What started as a small, non-sophisticated yet objective confrontation finally made the Kenyan government stop, listen and try to address this predicament that we find ourselves in for the second successive biennale.
A lot of noise made on social media and numerous texts internationally coupled with a handful of angry art practitioners seeking audience with government reps, finally made us realize there was an elephant in the room that needed confronting. Jimmy Ogonga, Soi Michael, Justus Kyalo, Danda Jaroljmek, Binyavanga Wainaina, James Muriuki and Maggie Otieno through Odero Aghan, the Kenya Cultural Centre director, sought audience with Dr. Hassan Wario Arero, the Culture, Arts & Sports Cabinet Secretary.

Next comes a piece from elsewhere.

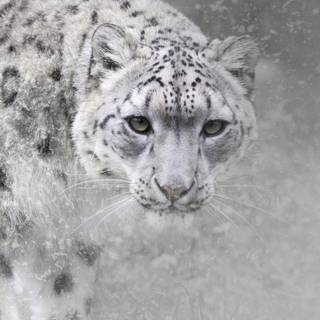 Snow leopard iPhone wallpaper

After a couple of false starts, it eventually happened.
The CS gave a statement on Kenya’s (op)position on the whole saga. The Kenyan Art Fraternity demanded that the axis of Tanzini-Orlandi-Poponi desist from using the Kenyan name and flying the ‘our’ flag. That’s good. Pretty good. Kenyan Art just won the battle. No, a prelude to the battle.
However, there is still the battle… then the war. And probably a retaliatory attack (whatever that means). The government promised to start the process of having a genuine Kenyan pavilion in Venezia 2017. That is attainable methinks. There is a select committee appointed/annointed to spearhead this process. Which is good. However am afraid. Not of the committee. But that we may forget all else and get transfixed on the next biennale.

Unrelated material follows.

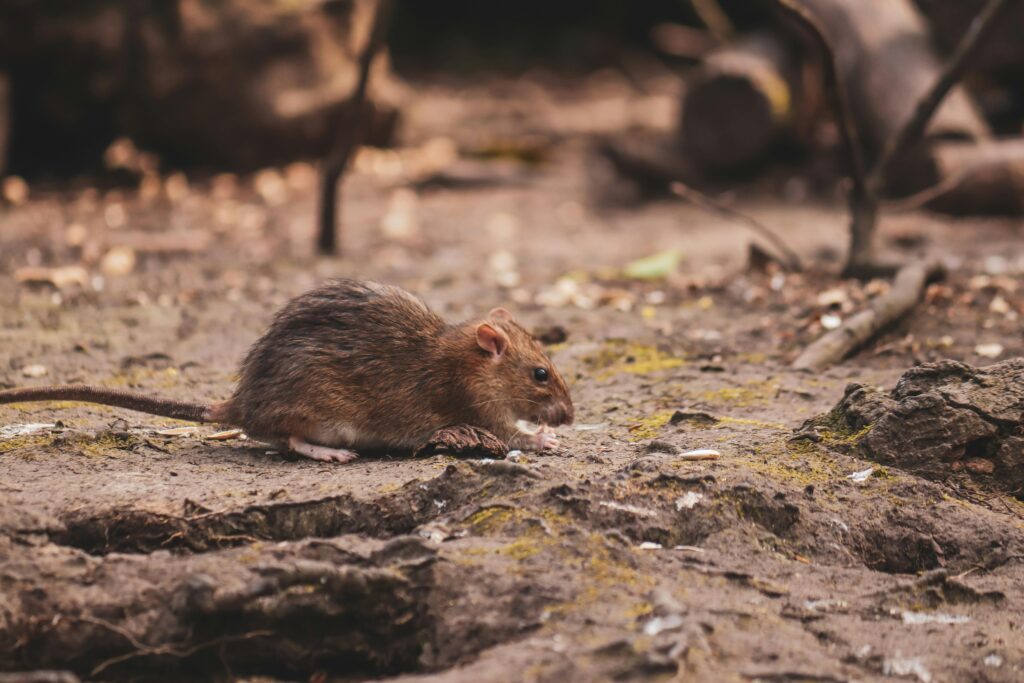 Rodent Control Dubai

During a meeting with the CS, Fred Obachi Machoka, a reputable media personality enquired about “existing legal safeguards” and possibility of “setting up protocols” to avoid a repeat of this type of embarrassment. This was probably what stood out (for me) during the meeting but it’s easy to get caught up in the Venezia euphoria that we forget life exists outside Venice. I interpreted that to mean a ‘comprehensive ministerial structure complete with support documents’. If that’s the case, I agree with him in totality.
I have always believed (and made known my opinion) that it’s time we formulated a proper Cultural Policy relevant to the Kenyan practice. The folk in charge of it always defend themselves saying they are ‘currently working’ on a draft. This so called ‘work in progress’ has been ongoing forever. This leaves us under the mercy of the existing 2009 document which is a copy-paste from the UNESCO prototype with cliché words like ‘support’ & ‘promote’ without even defining what we as Kenyans perceive as culture. It’s time the government got people genuinely interested and confident enough to be involved in this process. People who understand not only the artistic language, but also the practice. I heard that there is also an Arts and Culture Bill (also a work in progress) coming soon. I can’t say anything about it as I haven’t read it but the brief conversation we had about it was not a very enthusiastic one.

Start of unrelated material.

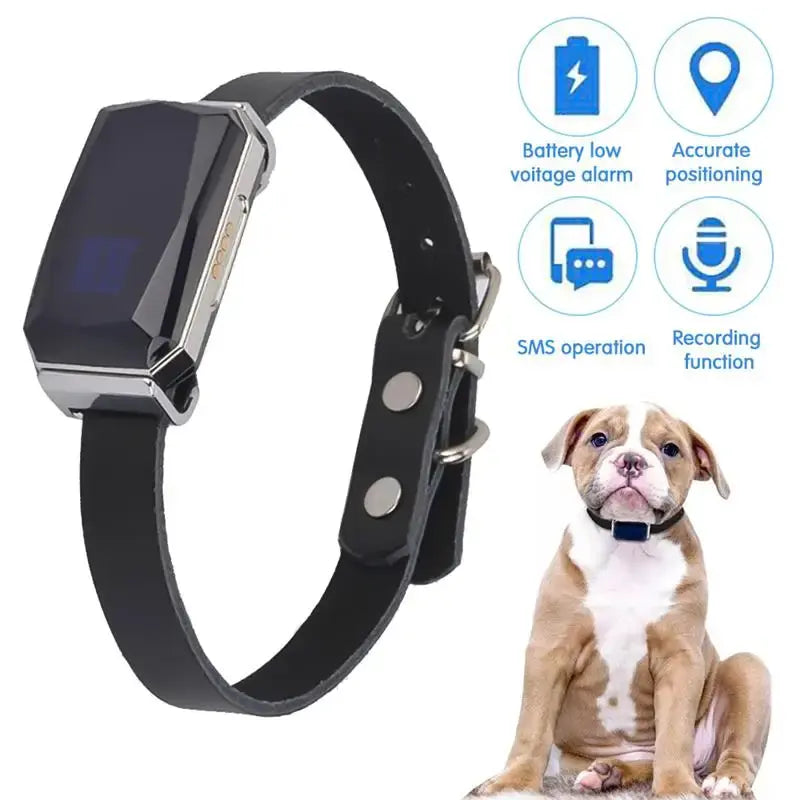 Pet's Waterproof Smart Collar GPS Locator - MeeowShop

Also, ad hoc committees are always a knee-jerk reaction similar to government formed commissions of inquiries after someone slept on the job and I think while this conversation is still on, it’s time Kenyans had a serious thought on forming a comprehensive National Arts Council. You can never emphasize the importance of such a body but in every country with a functioning arts scene, it is the Government linked organization overseeing the promotion and appreciation of visual arts within its territory. Most arts councils are both government & privately funded and are the link between artists, government and private/corporate sector. In most cases, a country’s National Arts Council is the one that is mandated with operations of a National Art Gallery and also build the country’s National Art Collection. As it stands at the moment there’s no structure at all. The only ‘official’ portfolios in the whole Ministry as it seems is that of the CS, his Principal Secretary and the Director of the Kenya Cultural Center. There is also no ‘official’ government owned visual art space or even a rep in the visual arts. That’s why when something needs to be sorted, we run around like headless chicken. Such a shame!
As it is, the ghosts of Venice have not gone away. The biennale secretariat (just) issued a statement confirming that the Kenyan pavilion is 'government supported' and is an internal (Kenyan) issue if Kenyans don’t agree with the setup. This further highlights that our problem is Not Tanzini. It’s our own shenanigans that have brought us here. Some incompetence here. Some corruption there. Promises and lies all over. Falling for the carrot on the stick. And the uniquely Kenyan ‘It’s my turn to eat syndrome.’ Someone somewhere is being bloody economical with the truth! Only time will tell. And like a great artiste once said, “You can fool some people some time, but you can’t fool all the people all the time.”
|Screen shot from correspondence on Kenyan pavilion by Head of Press & Media Relations. Source - Facebook.|
It’s quite simple and complicated at the same time. If we can’t proceed with you, we shall gladly dump you. But how far can we go without you? Tough choices. Sweet ones. But quite complicated. Abit like revolutions. Bolivar. Che . Sankara. Only non-political. Non-violent. But guerilla. Ideological good-for-the-arts movements is what we need. We may never be the beneficiaries of the outcome but we can’t have our offspring dealing with the same s**t 10, 20, 30… odd years from now because we were too complacent and didn’t pave the roads for them.
We need to get up, and do something. With or without Biennale di Venezia!